## Directions for this task
Exactly the lines from the one containing "Kleiner Fleck am Gehäuse" through the final line of the listing are to be retyped, and nothing more.

## Provided records
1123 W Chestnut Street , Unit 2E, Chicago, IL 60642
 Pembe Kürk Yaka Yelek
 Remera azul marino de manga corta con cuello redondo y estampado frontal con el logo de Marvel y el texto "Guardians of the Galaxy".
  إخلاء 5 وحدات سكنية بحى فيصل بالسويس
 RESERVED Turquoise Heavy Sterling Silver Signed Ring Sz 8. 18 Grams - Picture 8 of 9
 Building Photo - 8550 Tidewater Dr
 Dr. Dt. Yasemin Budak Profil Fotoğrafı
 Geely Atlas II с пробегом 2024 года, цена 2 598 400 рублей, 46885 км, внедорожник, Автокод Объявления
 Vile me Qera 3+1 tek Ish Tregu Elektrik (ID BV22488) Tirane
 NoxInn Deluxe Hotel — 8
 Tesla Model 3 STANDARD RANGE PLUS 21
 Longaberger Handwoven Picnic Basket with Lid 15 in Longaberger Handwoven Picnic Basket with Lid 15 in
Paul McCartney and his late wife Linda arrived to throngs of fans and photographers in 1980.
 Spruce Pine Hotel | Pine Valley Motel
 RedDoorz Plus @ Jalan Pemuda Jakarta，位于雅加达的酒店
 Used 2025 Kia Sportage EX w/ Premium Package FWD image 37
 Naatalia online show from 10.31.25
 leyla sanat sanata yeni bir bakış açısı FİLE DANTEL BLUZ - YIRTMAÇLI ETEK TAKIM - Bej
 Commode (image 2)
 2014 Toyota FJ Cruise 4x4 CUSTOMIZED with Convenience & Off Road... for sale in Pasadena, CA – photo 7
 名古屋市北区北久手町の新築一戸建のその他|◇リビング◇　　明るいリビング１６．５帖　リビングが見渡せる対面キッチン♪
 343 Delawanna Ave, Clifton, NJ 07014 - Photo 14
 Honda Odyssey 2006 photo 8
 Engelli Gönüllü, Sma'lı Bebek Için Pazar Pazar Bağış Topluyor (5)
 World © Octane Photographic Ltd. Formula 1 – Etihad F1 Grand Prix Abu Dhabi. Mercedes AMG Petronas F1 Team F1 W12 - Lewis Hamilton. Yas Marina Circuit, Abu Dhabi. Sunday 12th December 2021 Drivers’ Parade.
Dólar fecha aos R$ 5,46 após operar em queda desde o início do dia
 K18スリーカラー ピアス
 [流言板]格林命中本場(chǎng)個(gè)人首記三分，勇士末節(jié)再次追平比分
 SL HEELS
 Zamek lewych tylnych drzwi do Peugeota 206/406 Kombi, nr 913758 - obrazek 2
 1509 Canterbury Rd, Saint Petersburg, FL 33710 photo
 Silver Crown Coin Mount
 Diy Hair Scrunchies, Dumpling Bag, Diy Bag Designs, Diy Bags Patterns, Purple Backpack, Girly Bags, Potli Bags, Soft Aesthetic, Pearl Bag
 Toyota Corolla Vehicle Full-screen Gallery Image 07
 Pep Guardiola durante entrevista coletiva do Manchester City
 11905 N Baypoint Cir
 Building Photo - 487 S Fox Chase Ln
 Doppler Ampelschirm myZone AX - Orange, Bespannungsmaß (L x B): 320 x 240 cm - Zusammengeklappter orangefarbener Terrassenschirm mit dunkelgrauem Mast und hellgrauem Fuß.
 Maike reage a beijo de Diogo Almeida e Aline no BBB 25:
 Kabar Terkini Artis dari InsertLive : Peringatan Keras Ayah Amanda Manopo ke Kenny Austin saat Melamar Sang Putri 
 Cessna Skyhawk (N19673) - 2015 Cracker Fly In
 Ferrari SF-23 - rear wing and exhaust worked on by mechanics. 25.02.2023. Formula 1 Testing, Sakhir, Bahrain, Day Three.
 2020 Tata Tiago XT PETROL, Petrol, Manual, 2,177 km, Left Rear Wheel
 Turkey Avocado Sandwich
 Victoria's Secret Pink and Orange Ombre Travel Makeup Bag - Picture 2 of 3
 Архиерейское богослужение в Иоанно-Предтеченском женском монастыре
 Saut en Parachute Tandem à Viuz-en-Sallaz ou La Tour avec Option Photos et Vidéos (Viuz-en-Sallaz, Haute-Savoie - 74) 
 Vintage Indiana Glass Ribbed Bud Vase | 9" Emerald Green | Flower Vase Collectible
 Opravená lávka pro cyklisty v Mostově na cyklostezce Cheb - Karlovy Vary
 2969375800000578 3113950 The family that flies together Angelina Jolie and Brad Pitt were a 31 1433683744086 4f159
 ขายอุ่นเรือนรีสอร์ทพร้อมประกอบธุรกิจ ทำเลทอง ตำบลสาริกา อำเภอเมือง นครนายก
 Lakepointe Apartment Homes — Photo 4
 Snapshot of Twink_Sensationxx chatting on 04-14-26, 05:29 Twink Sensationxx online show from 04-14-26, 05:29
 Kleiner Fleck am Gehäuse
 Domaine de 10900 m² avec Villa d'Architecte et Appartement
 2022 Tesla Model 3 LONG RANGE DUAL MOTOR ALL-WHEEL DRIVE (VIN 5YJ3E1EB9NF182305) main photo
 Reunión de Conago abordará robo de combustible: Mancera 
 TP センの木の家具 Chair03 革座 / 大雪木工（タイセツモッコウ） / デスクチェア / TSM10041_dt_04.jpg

## Response to the task
 Kleiner Fleck am Gehäuse
 Domaine de 10900 m² avec Villa d'Architecte et Appartement
 2022 Tesla Model 3 LONG RANGE DUAL MOTOR ALL-WHEEL DRIVE (VIN 5YJ3E1EB9NF182305) main photo
 Reunión de Conago abordará robo de combustible: Mancera 
 TP センの木の家具 Chair03 革座 / 大雪木工（タイセツモッコウ） / デスクチェア / TSM10041_dt_04.jpg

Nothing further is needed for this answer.